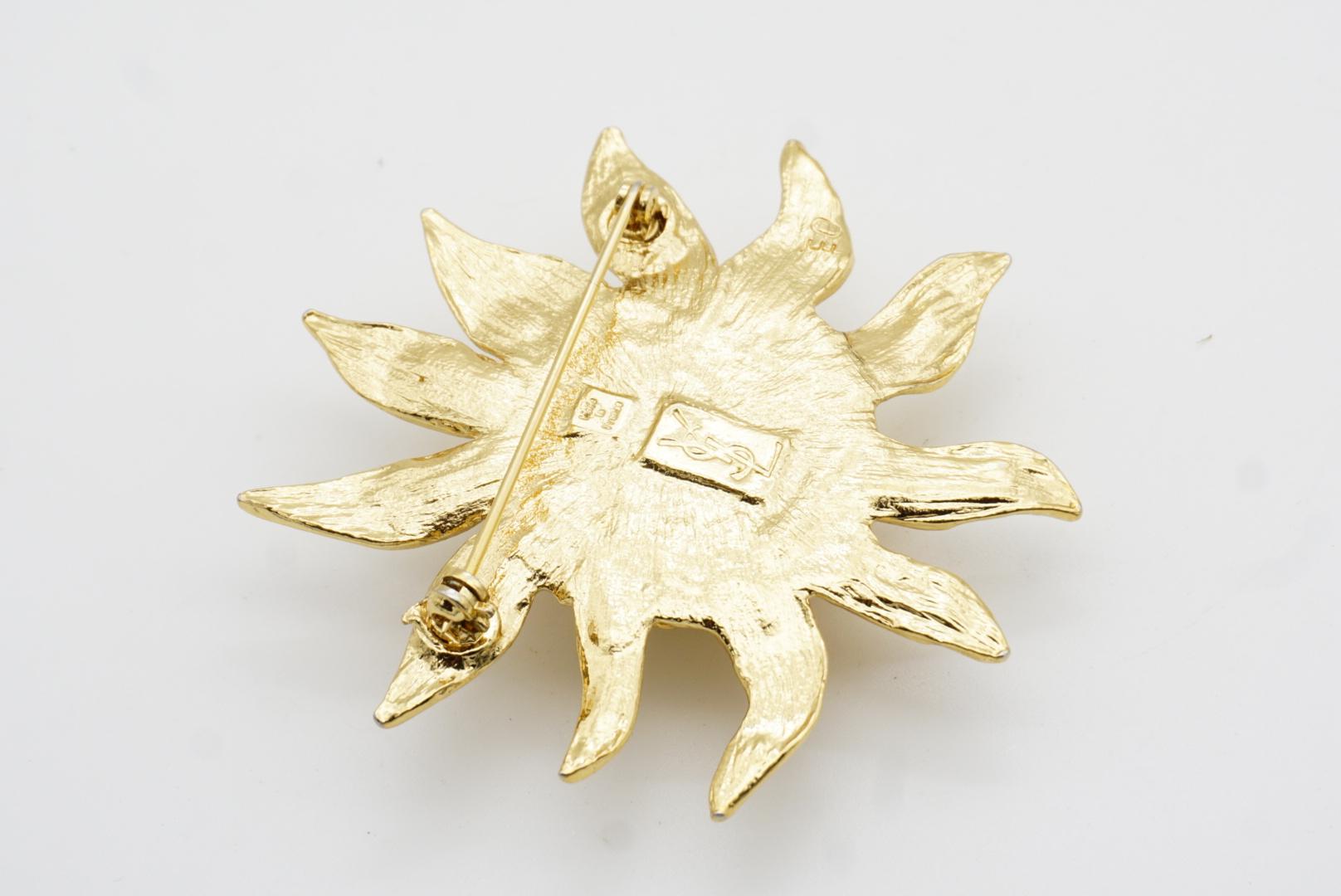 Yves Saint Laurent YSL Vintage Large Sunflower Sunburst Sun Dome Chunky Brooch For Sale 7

--

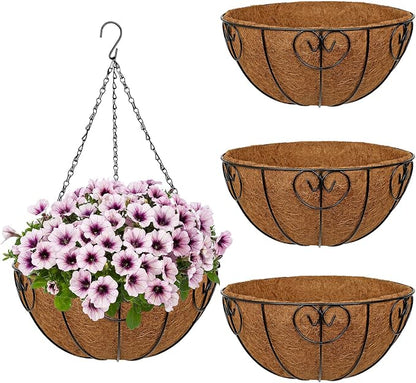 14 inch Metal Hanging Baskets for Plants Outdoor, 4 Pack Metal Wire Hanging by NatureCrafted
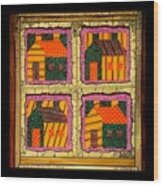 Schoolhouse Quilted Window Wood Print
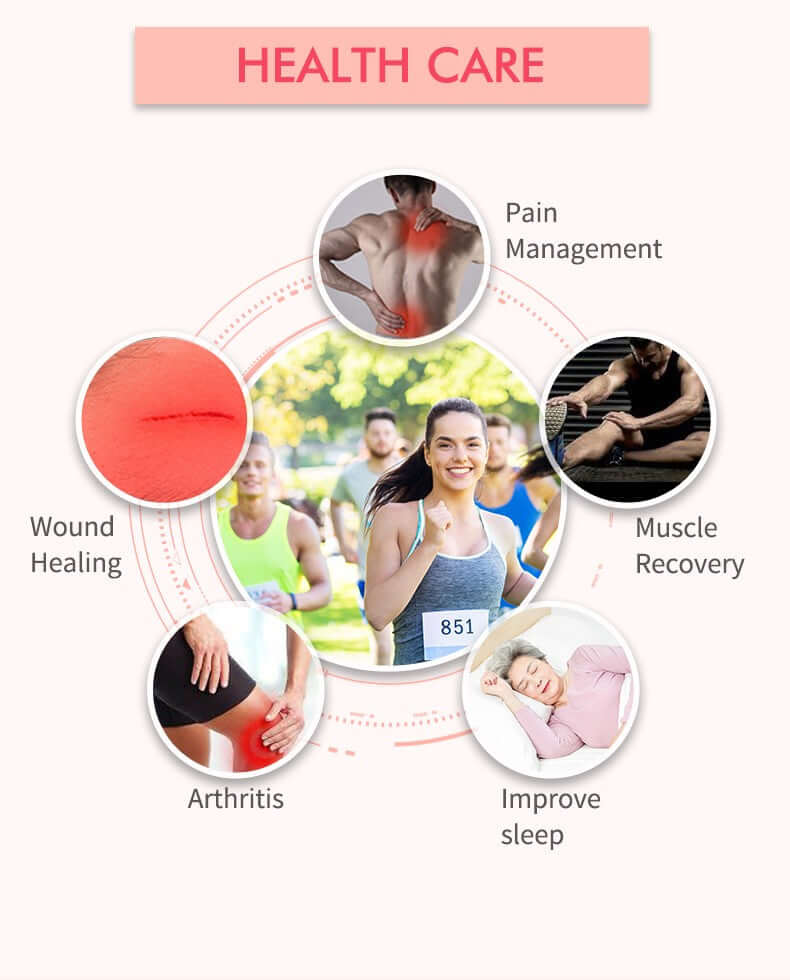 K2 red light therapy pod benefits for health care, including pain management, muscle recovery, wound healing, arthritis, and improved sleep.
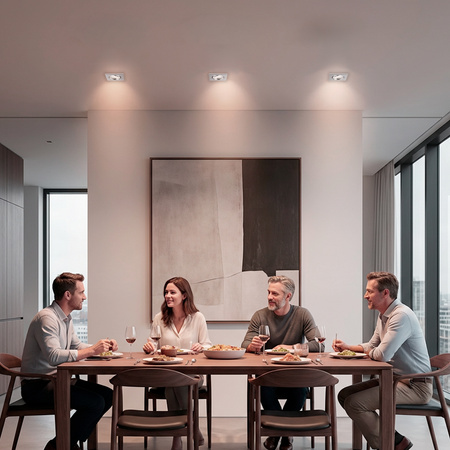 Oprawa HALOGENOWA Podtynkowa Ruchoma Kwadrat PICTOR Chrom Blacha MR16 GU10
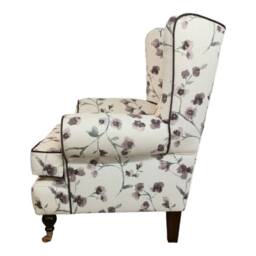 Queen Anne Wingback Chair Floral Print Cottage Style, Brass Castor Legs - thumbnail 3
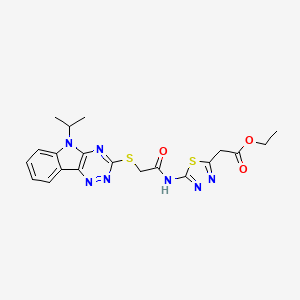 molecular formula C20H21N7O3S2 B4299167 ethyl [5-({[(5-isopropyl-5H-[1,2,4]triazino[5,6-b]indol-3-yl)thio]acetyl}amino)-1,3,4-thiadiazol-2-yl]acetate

Problem requirements:
Copy the lines above exactly, starting with the line that contains "Oprawa HALOGENOWA Podtynkowa" and ending with the line that contains "Queen Anne Wingback", and leave out any pictures.

Exercise result:
 Oprawa HALOGENOWA Podtynkowa Ruchoma Kwadrat PICTOR Chrom Blacha MR16 GU10
 Queen Anne Wingback Chair Floral Print Cottage Style, Brass Castor Legs - thumbnail 3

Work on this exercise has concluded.